Оказавшись далеко от родных мест, я потеряла возможность следить за судьбой своих однокашников по институту и аспирантуре, о чем очень теперь жалею. Но Ким Ильинич запомнился хотя бы потому, что был в нашей группе единственным мужчиной, и присутствие его невольно обостряло природу девичьего поведения, заставляло тщательнее следить за своим внешним обликом и лелеять расчеты на будущее. Имя его было аббревиатурой Коммунистического интернационала молодежи — и при первом взгляде на него нельзя было усомниться в том, что пороха на войне он понюхал. Синие точки, въевшиеся в кожу лица, его, однако, не портили, скорее романтизировали. От военной выправки, от его до блеска начищенных сапог, туго стягивающего талию ремня, кожаной планшетки, в которой носил он лекционные тетради, веяло каким-то артистическим щегольством: нас это восхищало, покоряло, магнетизировало. В армии он был политруком, по-видимому, привык быть на виду, впереди, а тут впереди все время оказывалась девчонка; его армейское честолюбие страдало, я ощущала его неприязнь и на проявление каких-либо чувств другого свойства рассчитывать с его стороны не могла.
Теперь-то хорошо понимаю, что жизнь поставила нас в неравные условия: все мы, пришедшие в вуз сразу после школы, оказались в преимущественном положении перед ними, фронтовиками, на несколько лет оторванными от мирной жизни, от регулярного общения с книгой. Чтобы адаптироваться в студенческой среде, Ильиничу надо было перешагнуть через ту пропасть в знаниях, которая возникла за время войны, наверстать упущенное, вспомнить забытое. А я уже закусила удила, это придавало новой ступени моей жизни эмоциональный тонус, и не удивительно, что при моей далеко не блестящей памяти не ушли из нее даже отдельные семинары, их ход и перипетии.

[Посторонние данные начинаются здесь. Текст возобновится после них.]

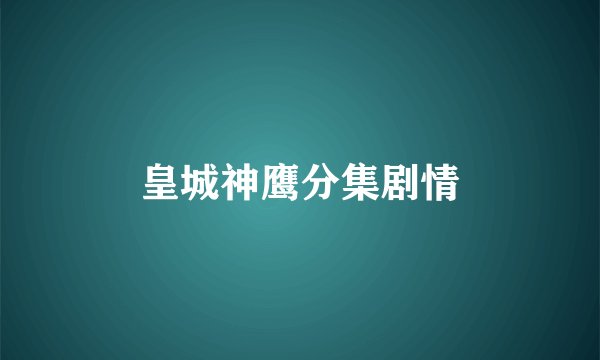 皇城神鹰分集剧情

Отчетливо помню тот, на который пришла впервые после трамвайной травмы. Семинар вел З. Е. Либинзон, темой его была роковая для литературоведения проблема авторства. Преодолевая тьму веков, отважно, ничтоже сумняшеся шли мы на окончательное и бесповоротное решение вопроса о том, кто же скрывается за именем Шекспира — бедный актер, или знатный граф Рютленд, или, быть может, известный философ Бэкон. И, как правоверный сторонник социальной справедливости, Ким был за «бедных», а я, выходит, за «богатых».

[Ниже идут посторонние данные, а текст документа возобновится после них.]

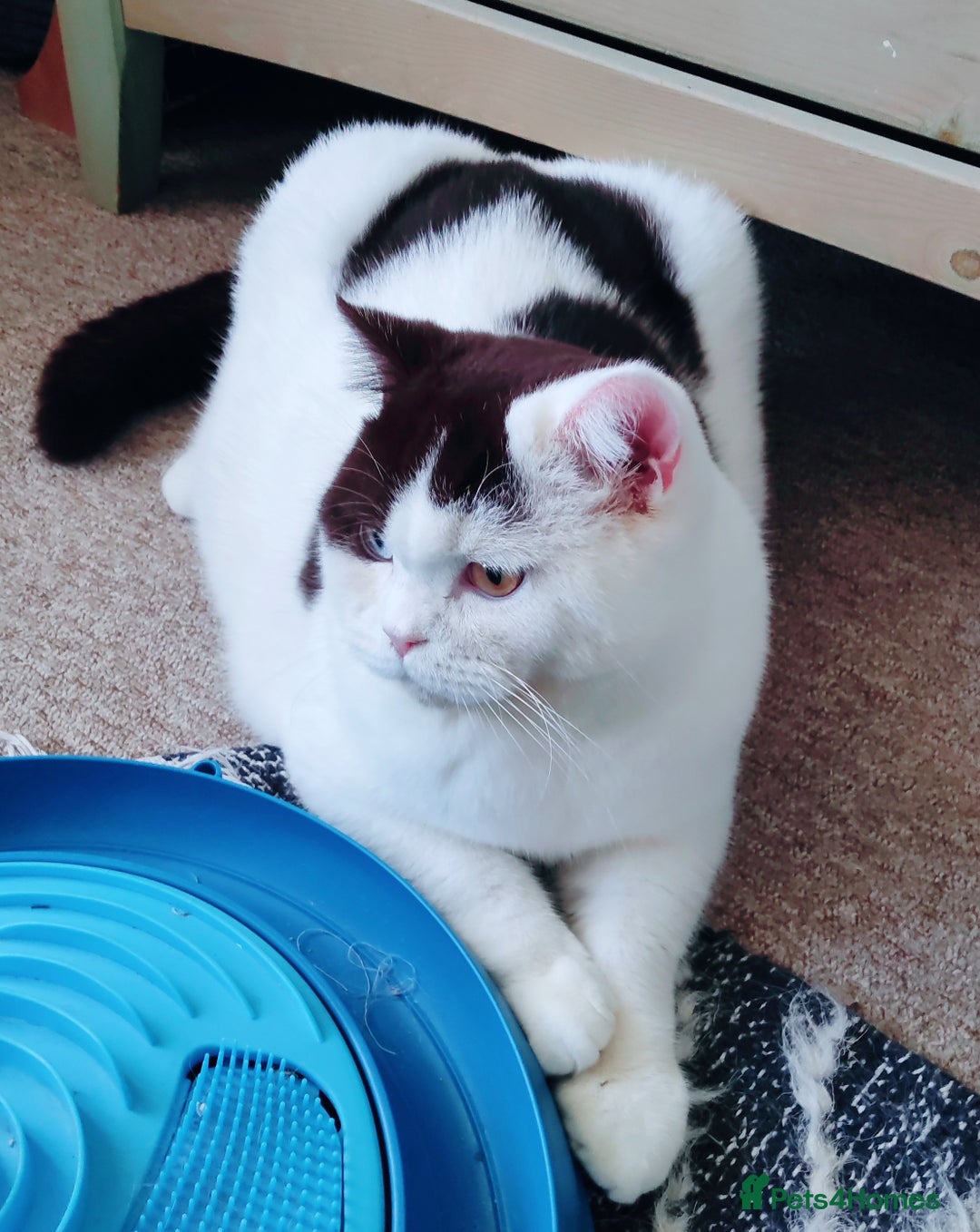 British Shorthair cats for sale: GCCF champions lines.Odd eyes boy and girl. - Advert 3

Социально-идеологическая конъюнктура проникала всюду, всевластно господствовала она и литературоведении. Непосредственно же в советской литературе защитная сила бедности и происхождения из низов нашла свое выражение в феномене выбора псевдонима писателями. Если судить по ним, ни в одной литературе мира не было такого количества писателей, прорвавшихся к свету культуры из бездны горькой нужды, бездомности и безвестности: Максим Горький, Демьян Бедный, Максим Горемыка, Степан Скиталец, Павел Низовой, Иван Приблудный, Михаил Голодный... Типичный для советской литературы характер такого выбора точно схватил М. Булгаков, наделив своего героя из числа советских поэтов именем Ивана Бездомного. Кстати сказать, не было, пожалуй, в советской литературе писателя более богатого, чем Бедный Демьян.
В стране, на протяжении одного века прошедшей через три войны и три революции, логика человеческого поведения в рамках связки богатство — бедность проделала поистине немыслимые курбеты. Макар Девушкин стыдится бедности, герои советской литературы боятся даже просто обнаружить зажиточность, герои нашего времени богатства своего не боятся и не стыдятся, они им кичатся.